By Kim Mackrael, Globe and Mail |

There were cheers and applause as Stephen Harper stepped on stage at a Mississauga convention centre in early February, facing a room filled with South Vietnamese flags and surrounded by Conservative parliamentarians.

Parliament was considering a new proposal, Mr. Harper told the crowd at the Vietnamese Lunar New Year celebration. Known as the Journey to Freedom Day Act, the proposed legislation would establish April 30 as a day to commemorate the acceptance of some 60,000 Vietnamese “boat people” in Canada after the end of the Vietnam War.

“It is a story that more Canadians should know,” Mr. Harper said.

That bill came into effect last Thursday, to the delight of some Vietnamese-Canadian associations and the frustration of the government of Vietnam.
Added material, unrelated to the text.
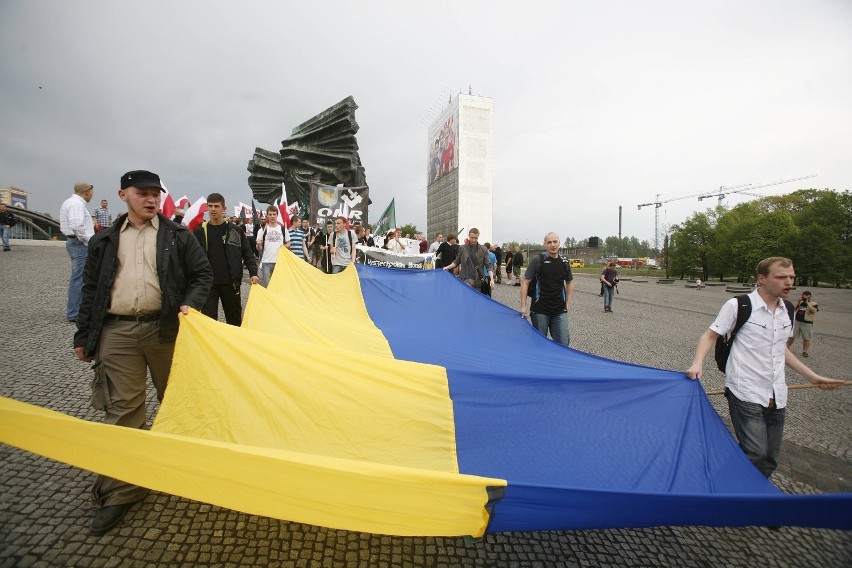 Marsz Powstańców Śląskich w Katowicach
On Friday, Vietnam’s foreign ministry summoned the Canadian ambassador in Hanoi and publicly denounced the bill as a “backward step” in relations between the two countries.

Ottawa’s support for the controversial legislation was widely viewed as an effort to win support from the members of Canada’s 220,000-strong Vietnamese community, many of whom left their home country as refugees after South Vietnam was defeated. Such a strategy could become increasingly apparent as the Conservatives look to secure votes from immigrant communities in Canada ahead of an expected fall election.
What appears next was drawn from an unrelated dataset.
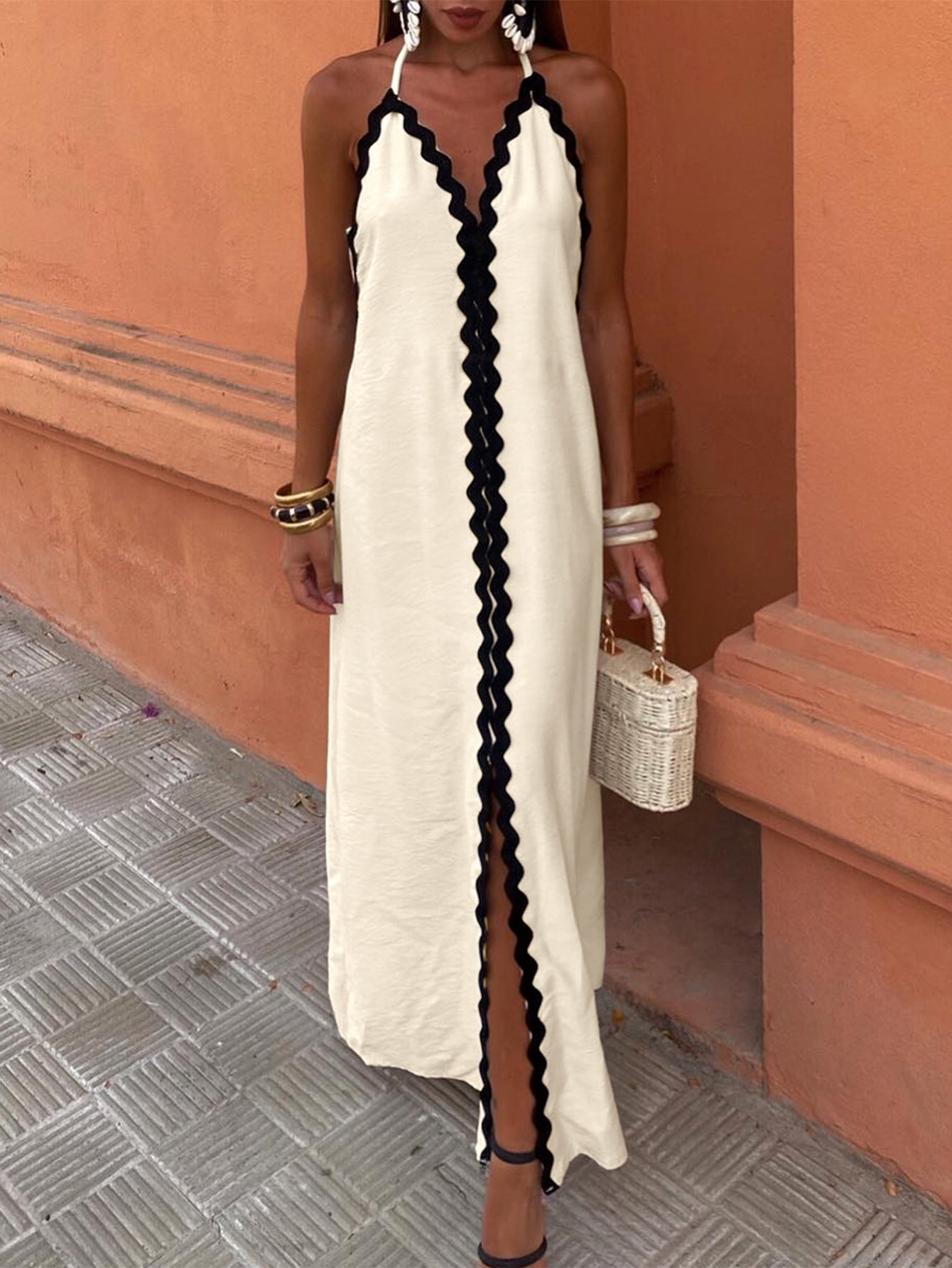 Damen Maxikleid mit raffinierten Schrägen und charmanten Trageeigenschaften Sovae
Much of the bill’s controversy concerns its choice of date and the language that was first used to describe it. Senator Thanh Hai Ngo introduced the bill as the Black April Day Act and said it was meant to mark the day South Vietnam fell “under the power of an authoritarian and oppressive communist regime.”

The title was changed to the Journey to Freedom Day, and references to the communist regime were removed, but Hanoi still opposes the choice of April 30. Vietnam’s government has said that April 30 – the day in 1975 when Saigon fell – should be celebrated as marking the end of the war and the beginning of reconciliation between North and South Vietnam.

Julie Nguyen, director of the Canada-Vietnam Trade Council, told a House of Commons committee earlier this month the bill could divide the Vietnamese community and impose a history that favours the former South Vietnam regime. She and other groups have called for the date to be changed to July 27, to coincide with the day in 1979 when the first planeload of Vietnamese refugees landed in Toronto.